Пряча в усы усмешку, Гинрей вышел на веранду, покрутил головой, разминая шею. «Праздник», к которому он поначалу отнесся весьма негативно, не стал катастрофой, что удивительно. Старый капитан задумался, насколько его ушлая старшая невестка просчитала последствия этого мероприятия. Она и впрямь хотела только повеселить детей, или же заглянула на несколько шагов вперед, дав возможность представителям старинных родов увидеть детей, незнамо откуда взявшихся в семье Кучики, и не задаться вопросом – откуда же? И насколько она просчитывала степень благодарности вассальных семей за внимание со стороны дайме? У самой Анеко спрашивать было бессмысленно, это Гинрей знал уже по опыту. Девчонка отшучивалась, сыпала колкостями или штампованными шутками из мира живых, сводившихся к одному: шли бы вы лесом, владыка.

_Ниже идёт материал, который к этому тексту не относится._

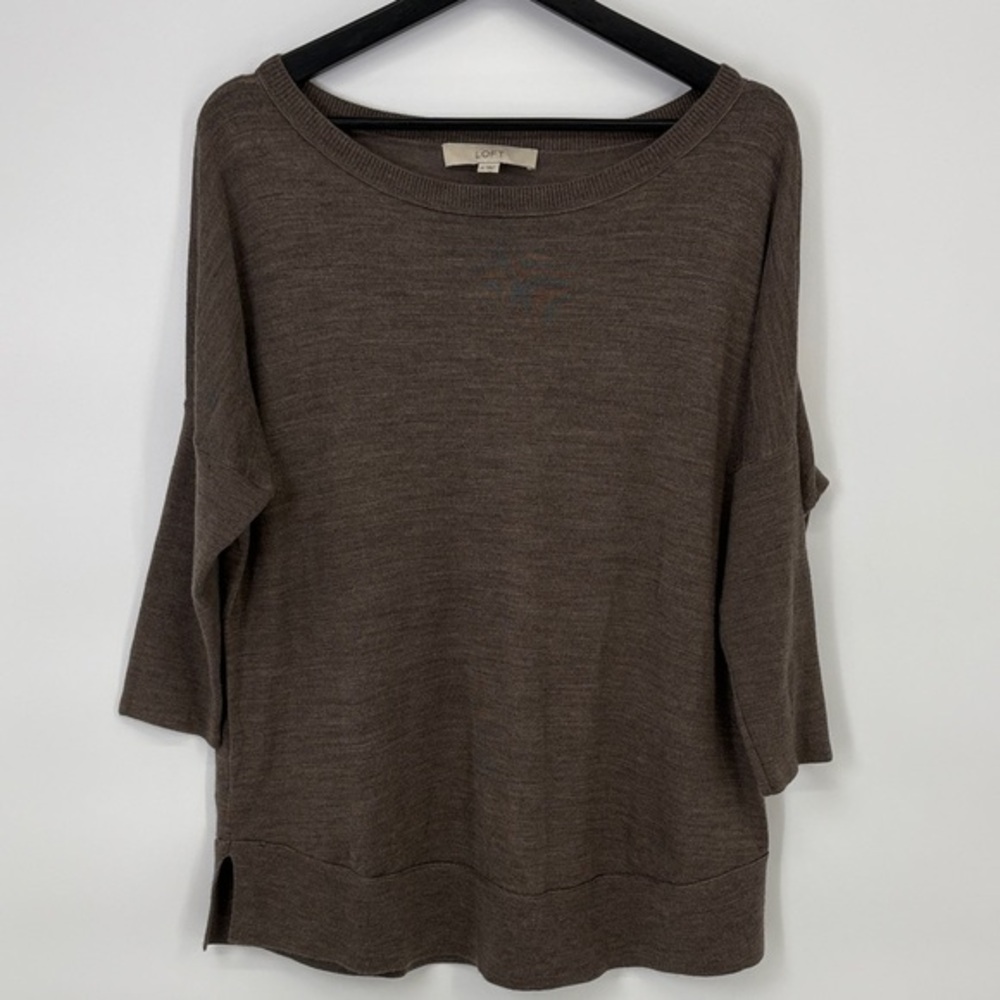 ♦️ LOFT Brown wool blend wide neck boat neck Sweater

- Ну, теперь можно и чайку попить! – раздалось за спиной. Гинрей обернулся.
В сторонке от елки разворачивался импровизированный пикник. Назвать это действо чайной церемонией язык не поворачивался. Куроцучи устанавливал низкий столик, Рецу держала поднос со сладостями, Рока и Рукия изнемогали под корзинками с посудой…
- Гинрей-доно, идемте! – позвала появившаяся в зале Анеко. – Выдохнем после праздника! А где Бьякуя? Хисана, ты видела господина нашего мужа?
- В саду, – отозвалась младшая невестка, расправляя на столике льняную салфетку. – Сходить позвать?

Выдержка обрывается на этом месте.